Goldman Reportedly Readying Major Structural Overhaul

Goldman

In a total reversal of his prior plans, Goldman Sachs’ CEO David Solomon appears set to unveil a major restructuring to the banks organizational structure.

 

The Wall Street Journal reports that the bank will split into three units.

According to people familiar with the matter, the Wall Street giant plans to once again combine its expanded asset management and private wealth businesses into one unit run by Marc Nachmann; and will also fuse its investment-banking and trading operations under one group run by Dan Dees, Jim Esposito and Ashok Varadhan.

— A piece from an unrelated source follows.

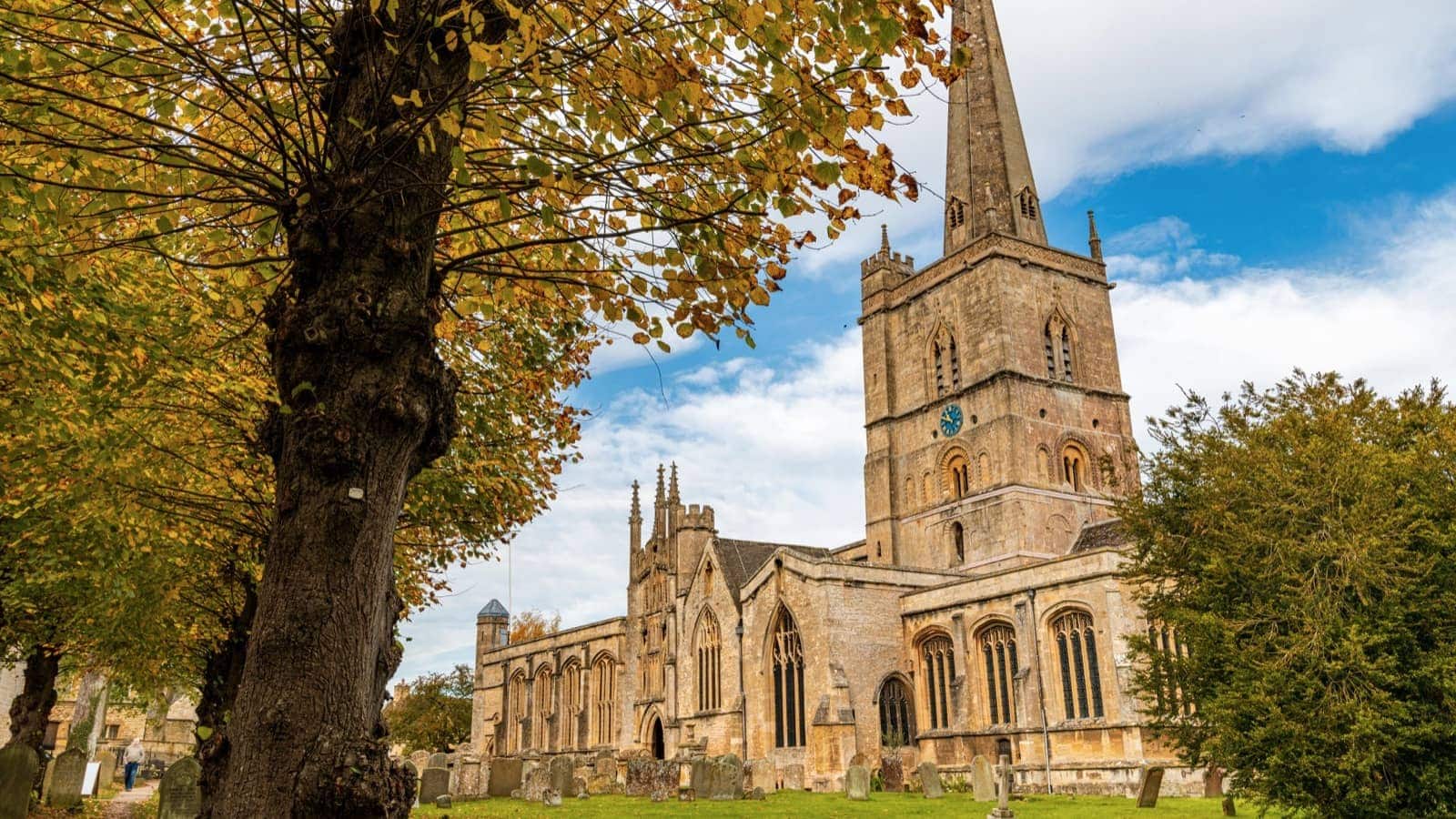 cotswolds church uk pexels-samuelsweet-8201969resized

However, most notably the money-losing consumer units will be broken up with Marcus, Goldman’s direct consumer-banking arm, to be part of the asset- and wealth-management unit; while the bank’s portfolio of FinTech platforms, specialty lender GreenSky, and its ventures with Apple and GM, will be hived off into a third division called Platform Solutions.

This may be due to the mounting losses from that group of companies as we noted previously, Goldman’s credit-card losses are soaring “well above subprime lender” peers.

 

Tomorrow’s earnings may shine a brighter light on that trend.

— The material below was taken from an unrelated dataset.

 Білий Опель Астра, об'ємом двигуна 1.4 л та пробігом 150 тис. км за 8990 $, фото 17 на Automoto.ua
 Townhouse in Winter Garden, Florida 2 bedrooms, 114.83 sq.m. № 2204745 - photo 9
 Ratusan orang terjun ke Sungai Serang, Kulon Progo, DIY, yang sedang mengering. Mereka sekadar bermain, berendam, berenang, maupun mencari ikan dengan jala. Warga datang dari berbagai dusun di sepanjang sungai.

A major reorganization of Goldman Sachs, including the combination of its investment-banking and trading operations, would help the bank optimize and improve overall efficiency, according to Wells Fargo analyst Mike Mayo.

“A move such as this can provide more potential to better optimize the company and help GS better orient toward meeting its target to improve efficiency and continue its decade-long transition from a broker to a more efficient global bank,” Mayo wrote in a note to clients.

Additionally, Mayo added that he would like an update on its consumer banking business, as it “takes up a disproportionate amount of mindshare” given its relatively smaller size.

So, in summary, is CEO Solomon implicitly creating a good-bank (trading, asset/wealth management, and IB) / bad-bank (fintech) framework?